El Ministerio de Justicia inició una investigación interna y remitió los antecedentes al organismo de defensa estatal para determinar responsabilidades administrativas y judiciales. El ministro Fernando Rabat calificó como “grave” que la información sobre el hallazgo de la exmilitante del MIR fuera retenida por 15 meses durante la administración anterior antes de ser entregada a los tribunales.
El vuelco en el caso de Bernarda Rosalba Vera Contardo, quien durante más de 50 años figuró en los registros oficiales como detenida desaparecida, ha detonado una crisis administrativa en el Ministerio de Justicia. Luego de que peritajes de ADN confirmaran con una probabilidad “superior al 99,9999%” que la mujer localizada en Argentina es efectivamente la exdocente, la cartera liderada por el abogado Fernando Rabat tomó medidas inmediatas para establecer por qué el hallazgo no se informó oportunamente.
La decisión de Justicia consiste en la apertura de una investigación sumaria y el envío de los antecedentes al Consejo de Defensa del Estado. Según explicó el subsecretario de Derechos Humanos, Pablo Mira (RN), el objetivo es “revisar cualquier responsabilidad administrativa que pueda derivar del caso” y permitir que se persigan “todas las acciones legales y administrativas que correspondan”.
Los 15 meses de silencio
El foco de la controversia judicial y política radica en la cronología del hallazgo. De acuerdo con el ministro Rabat, la información sobre el paradero de Vera fue conocida por la Subsecretaría de Derechos Humanos, en el marco del Plan Nacional de Búsqueda (PNB), en marzo de 2024. Sin embargo, los antecedentes solo llegaron a manos del ministro en visita extraordinaria, Álvaro Mesa, en junio de 2025.
“Hubo por lo menos 15 meses que esta información estuvo en la Subsecretaría de Derechos Humanos y no se reaccionó prontamente, y reaccionar prontamente en una materia tan delicada como esta, es ponerla en conocimiento de la autoridad, lo que no se hizo, y eso nos parece grave”, fustigó el secretario de Estado. Rabat fue más allá al señalar que “hay que preguntarle a quiénes tuvieron la información y no la entregaron”, destacando que bajo su gestión se logró materializar los exámenes de ADN en tres meses, algo que no se obtuvo en casi dos años anteriormente.

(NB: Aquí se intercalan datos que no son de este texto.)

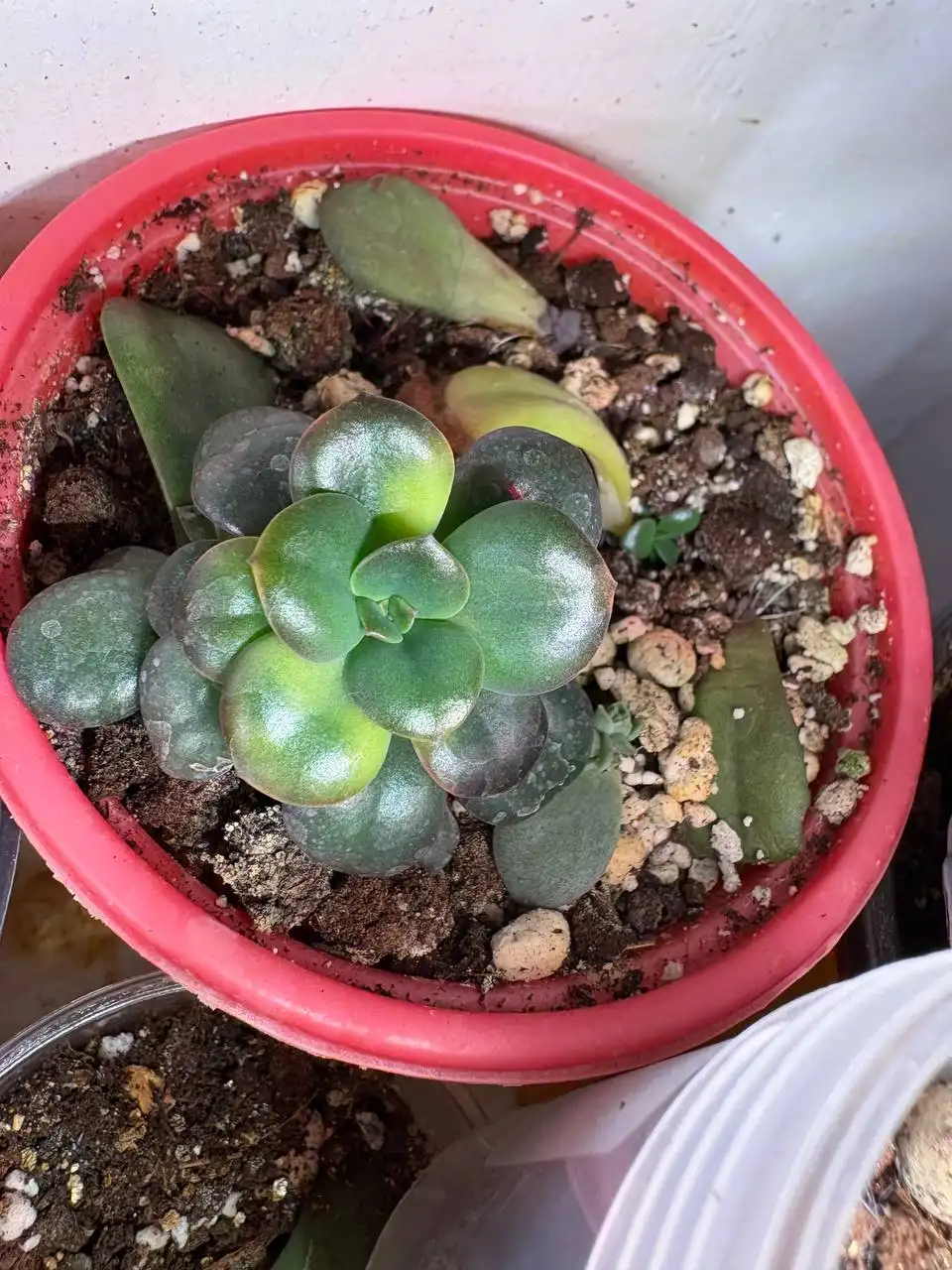 Продажа Эхеверии Хрома - Комнатные растения (Хобби и отдых) в Оренбург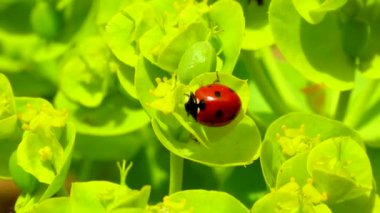 Çiçek mavisi bir mersin çiçeğinin üzerinde yiyen uğur böcekleri, geniş yapraklı glakus-spurge (Euphorbia myrsinites).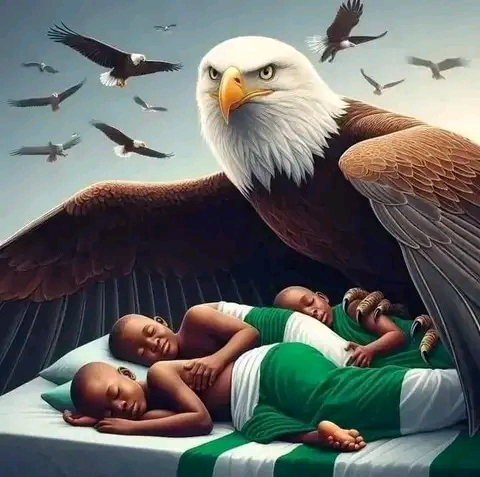 My Country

El perfil de “Anita” y la Masacre de Liquiñe
Bernarda Vera, conocida como “Anita”, era militante del Movimiento de Izquierda Revolucionaria (MIR) y fue detenida en 1973 por efectivos de la FACh pertenecientes al Grupo N°3 de Helicópteros “Maquehua”. Posteriormente, fue condenada a muerte por un Consejo de Guerra y su caso fue incluido en el Informe Rettig como víctima de desaparición forzada.
Durante décadas, su nombre estuvo vinculado judicialmente a la denominada Masacre de Liquiñe, el asesinato de 15 obreros y campesinos en Panguipulli ocurrido en octubre de 1973. No fue hasta el desarrollo del Plan Nacional de Búsqueda que surgieron testimonios que indicaban que había sido vista fuera de Chile después de la fecha estimada de su desaparición, lo que activó el cuaderno administrativo del juez Mesa a inicios de 2025.
Implicancias patrimoniales y auditorías
La aparición con vida de Vera ha encendido las alarmas respecto del uso de recursos públicos. Parlamentarios han solicitado que se recuperen los dineros pagados en virtud de su condición de víctima, particularmente las pensiones que habría recibido su hija. Sobre este punto, Rabat sostuvo que el Estado está en situación de “requerir todo pago que no tenga una causa que lo justifique. Con independencia de si quién lo recibió está de buena o mala fe. Es una cuestión de orden objetivo”.
El caso también ha puesto bajo la lupa la integridad de las listas de víctimas. El ministro de Justicia reveló que este no es un hecho aislado: “Al menos, hay nueve que se determinaron con anterioridad, y, si le agregamos casos de duplicidad, llevamos 12”. Por ello, se ha ordenado una revisión exhaustiva de todos los casos seguidos por la Subsecretaría y se colabora con una fiscalización de la Contraloría General de la República al interior del Programa de Derechos Humanos respecto al manejo de información y recursos.